Irish America has evolved significantly in recent decades. The conflict in Northern Ireland resulted in parts of our community being at odds for a time with the Irish government, which was unstinting in its pursuit of a peaceful solution. At the same time, senior figures in Congress exerted significant influence by encouraging successive US administrations to put their weight behind a political agreement between the parties in Northern Ireland and the Irish and British governments. Today, Irish America is impressively united in its support for Irish government policies with regard to Northern Ireland which are anchored in a deep commitment to the Good Friday Agreement of 1998 and its full implementation. Irish American politicians have long been a source of support for Ireland, especially in the run-up to the Good Friday Agreement, and they continue to take an active interest in our fortunes as a nation.

Irish America is very different today from what it was in the late nineteenth-century heyday of Irish American journalism. It is generationally more remote from Ireland, but perhaps also more knowledgeable about Ireland. Modern communications make it possible for people in America to keep abreast of Irish developments in ways that were not possible in the past. I have been impressed with the extent to which many Irish Americans I meet are relatively well versed in Irish affairs.

With the wide variety of air routes now available between America and Ireland and the more affordable fares that apply, far more Irish Americans now visit Ireland than ever before. A visit to Ireland is no longer necessarily a once-in-a-lifetime, late-in-life experience. I sometimes come across dismissals of Irish America, especially on social media, for being out of touch with the realities of contemporary Ireland. Such criticisms seem to me to be wide of the mark. For one thing, Irish America is a very diverse community, and it would be wrong to typecast it into traditional molds. Furthermore, Irish Americans are not Irish; they are Americans who have an affinity with Ireland. It is not for us to tell them how—and how not—to express their sense of Irishness, which is a product of the American environment in which their community was formed and in which it has evolved.
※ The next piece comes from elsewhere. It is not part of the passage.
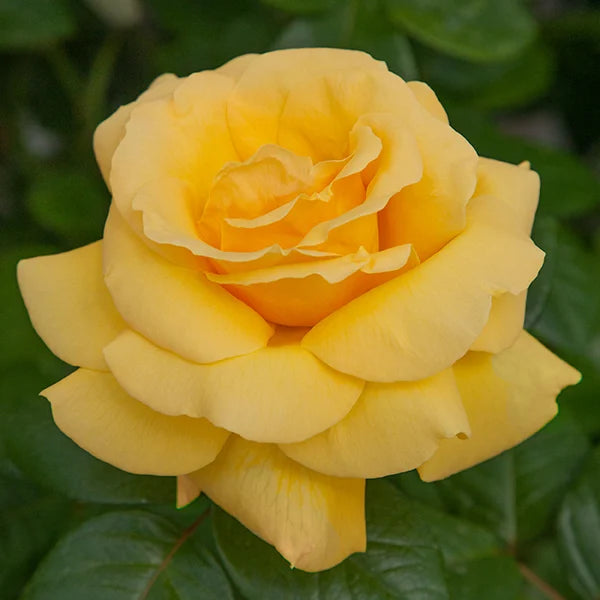 Michelangelo™ rose in bloom with pink flowers and green leaves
No book can ever paint a complete picture. This collection does, however, tell a number of important stories and provides invaluable insights about journalism, about Ireland, about America, and about the ethnicity of the Irish in America. In particular, this volume is an important contribution to the understanding of the Irish American experience through history, with its unique, compelling blend of Irish and American elements.